Other influential factors
Apart from the EV charging data, we also constructed a set of variables that might influence charging behaviors. These variables can be categorized into three classes, namely temporal factors, spatial attributes, and static features. First and foremost, the temporal factors include three weather conditions: air temperature (Ta), relative humidity (h), and atmospheric pressure (P). The raw weather data is collected from two meteorological observatories located in the airport and central regions of Shenzhen, and they were further organized into numeric data with the same hourly interval as the structured charging data.

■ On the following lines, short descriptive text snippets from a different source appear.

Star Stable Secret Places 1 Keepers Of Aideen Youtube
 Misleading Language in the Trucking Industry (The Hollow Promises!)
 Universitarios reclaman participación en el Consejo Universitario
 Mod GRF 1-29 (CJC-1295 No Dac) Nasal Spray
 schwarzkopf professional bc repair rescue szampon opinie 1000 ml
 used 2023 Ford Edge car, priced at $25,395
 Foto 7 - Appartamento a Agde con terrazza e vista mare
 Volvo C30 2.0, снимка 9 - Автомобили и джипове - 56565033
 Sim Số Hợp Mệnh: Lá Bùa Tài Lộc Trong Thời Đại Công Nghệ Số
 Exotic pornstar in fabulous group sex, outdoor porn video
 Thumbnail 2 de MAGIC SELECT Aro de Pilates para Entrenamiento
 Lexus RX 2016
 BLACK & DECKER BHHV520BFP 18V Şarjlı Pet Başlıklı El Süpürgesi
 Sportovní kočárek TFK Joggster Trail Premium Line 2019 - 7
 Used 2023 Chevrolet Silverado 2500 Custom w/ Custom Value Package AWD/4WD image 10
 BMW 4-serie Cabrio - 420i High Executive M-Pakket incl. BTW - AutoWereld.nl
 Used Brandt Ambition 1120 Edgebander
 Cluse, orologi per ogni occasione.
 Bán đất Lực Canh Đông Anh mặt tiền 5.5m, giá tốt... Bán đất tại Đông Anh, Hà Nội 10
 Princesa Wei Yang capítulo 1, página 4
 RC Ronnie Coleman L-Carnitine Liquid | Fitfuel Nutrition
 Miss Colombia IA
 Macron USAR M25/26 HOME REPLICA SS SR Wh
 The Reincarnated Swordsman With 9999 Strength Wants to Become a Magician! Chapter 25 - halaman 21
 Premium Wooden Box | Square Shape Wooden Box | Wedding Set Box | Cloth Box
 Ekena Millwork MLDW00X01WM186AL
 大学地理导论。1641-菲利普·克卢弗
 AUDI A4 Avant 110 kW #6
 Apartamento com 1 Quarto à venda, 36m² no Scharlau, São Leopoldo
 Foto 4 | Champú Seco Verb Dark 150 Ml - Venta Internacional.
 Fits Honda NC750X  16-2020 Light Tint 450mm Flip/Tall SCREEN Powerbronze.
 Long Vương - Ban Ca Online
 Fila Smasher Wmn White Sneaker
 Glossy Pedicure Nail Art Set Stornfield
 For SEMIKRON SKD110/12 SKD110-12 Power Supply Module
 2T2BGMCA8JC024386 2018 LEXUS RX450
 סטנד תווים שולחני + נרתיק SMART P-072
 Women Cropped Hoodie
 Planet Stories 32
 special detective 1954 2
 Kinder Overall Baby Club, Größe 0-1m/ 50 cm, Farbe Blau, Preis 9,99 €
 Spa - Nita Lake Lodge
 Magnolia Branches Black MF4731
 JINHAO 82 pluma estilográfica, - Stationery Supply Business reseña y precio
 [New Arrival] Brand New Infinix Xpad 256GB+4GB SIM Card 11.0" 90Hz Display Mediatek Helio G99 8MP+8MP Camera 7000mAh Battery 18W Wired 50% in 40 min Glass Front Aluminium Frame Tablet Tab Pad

Notably, the weather data is shared by all the charging stations or traffic zones. Furthermore, spatial information, such as the adjacency matrix and distances, is computed using ArcGIS tools. Specifically, the adjacency is determined by checking whether two traffic zones have adjacent edges based on the distance calculated from their geometric centers. Lastly, UrbanEV also provides static features including Point of Interest (POI), area, and road length in each traffic zone. Moreover, we filtered and selected only those that are relevant to charging activities within the 275 specific zones aligned with the structured charging data.